In the end, he agreed to wait, but when he woke up on Monday morning, there was a new complication. He felt sick, he said. Noah’s sensory issues can make it difficult for him to distinguish between different kinds of bodily sensations. It’s easy for him to mix up feeling sick, needing to go to the bathroom and being hungry. I asked him to go back to bed and try to really listen to what his body was telling him but he was having trouble getting a handle on it. He thought he was too sick to go to school– no, he wasn’t– yes, he was–well, maybe not.
We tabled the issue and by 6:55 we were all assembled in the living room for “the opening ceremony” as he dubbed the present opening. There were many car-related presents. June got him a little yellow metal VW Bug with a friction motor, my mom got him a subscription to Car and Driver, my sister got him a copy of the movie Cars (I asked her to do it so we can return the Netflix copy he’s been watching over and over since March). He also got books and t-shirts and pajamas, a Bananagram word game (http://bananagrams-intl.com/checkcountry.asp?page=index.asp), an Extreme Bubble Making Kit, and a new scooter to replace his old one (the brake fell off and we’ve been unable to get it repaired). It was a pretty good haul. He decided to wear the green t-shirt with a classic car on it to school, if he was going, which was still up in the air. He wanted to know if he could go for a ride on the new scooter and I said, “If you’re well enough to ride the scooter, you’re well enough to go to school.” It was one of those moments when I heard Mom-speak just coming out of my mouth without any warning. I wonder if that ever happened to our moms when we were kids.
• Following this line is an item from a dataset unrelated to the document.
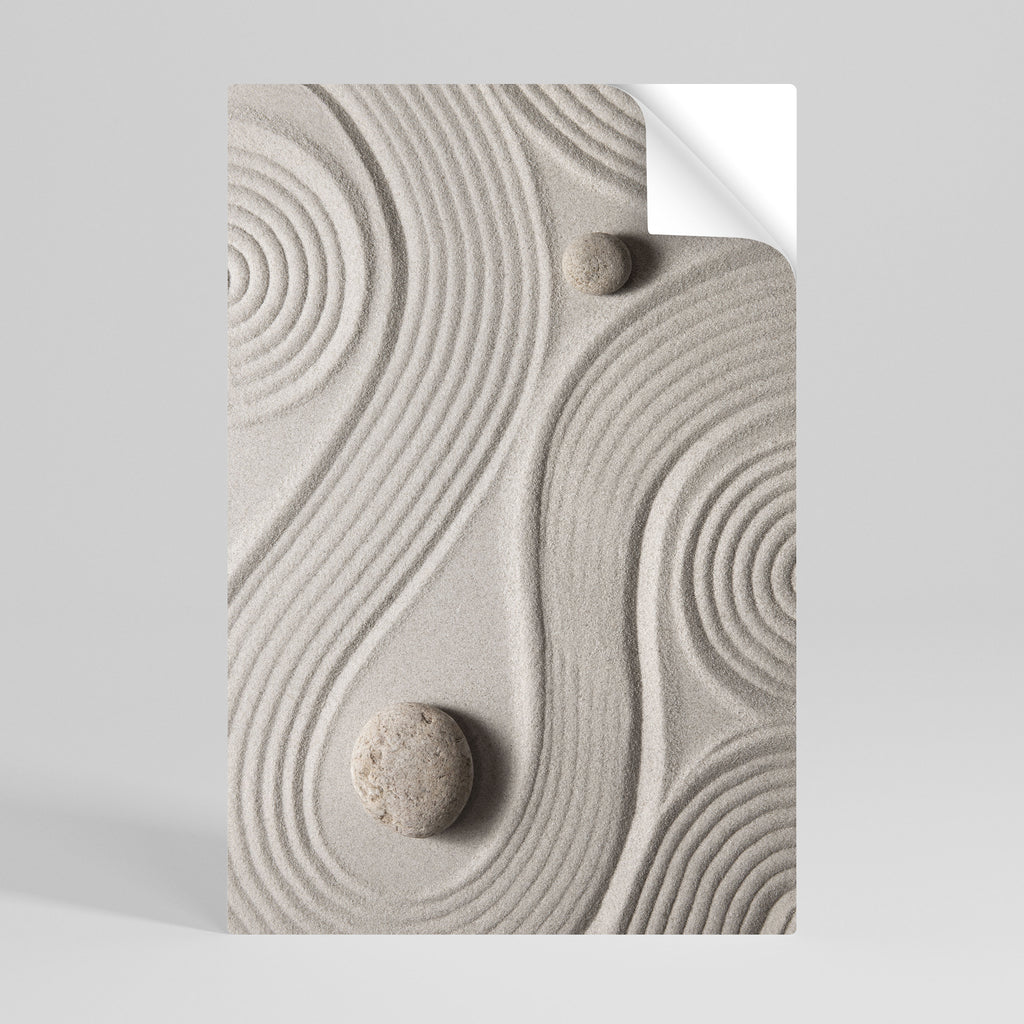 SANDSWIRL SERENITY Αφίσα με κόλλα και κολλήματα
As June and I left the house to walk to nursery school around 8:00, I heard Noah and Beth seeming to come to the conclusion that he would go to school, but I wasn’t completely sure whether I’d find him there or not when I got back. I came home to an empty house with a note on the front door. “Noah went to school,” it said.
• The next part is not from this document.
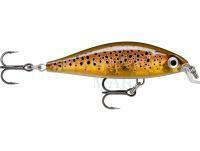 Hard Lure Rapala X-Light Minnow 5cm 4g - Live Brown Trout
At 11:05 the phone rang and I got off the exercise bike to answer it. It was someone from Noah’s school. He was throwing up, she said, and I needed to come get him. It was about five minutes before I needed to leave for June’s school, and to complicate matters, I had agreed to walk the Yellow Tulip home that day, to spare her very pregnant babysitter the walk. I told the woman I’d be there at 11:45. This turned out to be an optimistic estimate.
I left for June’s school right away, hoping to get there early enough to arrange for someone else to take the Yellow Tulip home. I was too flustered to realize I should call her parents or the school before I left to facilitate this, and once I got there it took a while to straighten everything out. The Blue Maple’s mom graciously agreed to take the Yellow Tulip and we left June’s school around 11:35. By myself I could have made it to Noah’s school in ten minutes, but I had June with me, and she was tired and distraught. When I explained the situation to her she realized almost immediately that this meant that we’d get home late and she’d miss Dragon Tales. She began to cry and kept it up pretty much non-stop for the next hour. Initially, I felt sorry for her. She’s tired that time of day and her after-school routine is very important to her. It’s why I never accept invitations to go to the playground after school, even for a half hour. Eventually, I stopped trying to comfort her, as nothing I said—appeals to compassion for her sick brother, promises of different television later in the day– seemed to have any effect. I just held her hand as we walked along the trail by the creek. We arrived at Noah’s school at 11:55. I went to the office to sign Noah out and then to the Health Office where the nurse said he didn’t have a fever and we left. June was still sobbing.
The birthday boy, however, didn’t seem too upset. They had an interesting book about horses to read at the Health Office, he reported.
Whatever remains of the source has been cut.